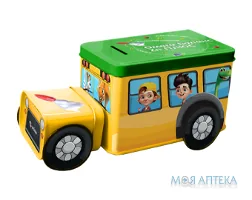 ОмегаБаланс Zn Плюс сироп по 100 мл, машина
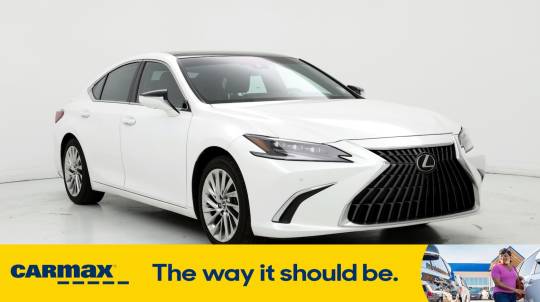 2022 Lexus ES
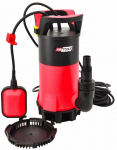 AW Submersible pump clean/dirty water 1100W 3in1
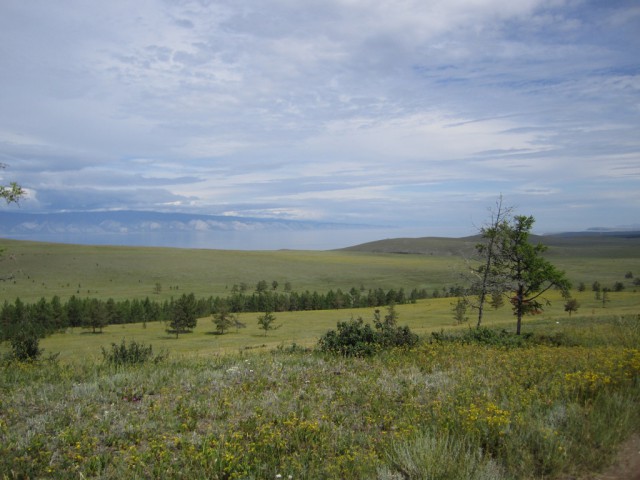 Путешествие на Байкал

> Exercise: An exact, image-free transcript of the material is required.

> Solution to the problem:
 ОмегаБаланс Zn Плюс сироп по 100 мл, машина
 2022 Lexus ES
 AW Submersible pump clean/dirty water 1100W 3in1
 Путешествие на Байкал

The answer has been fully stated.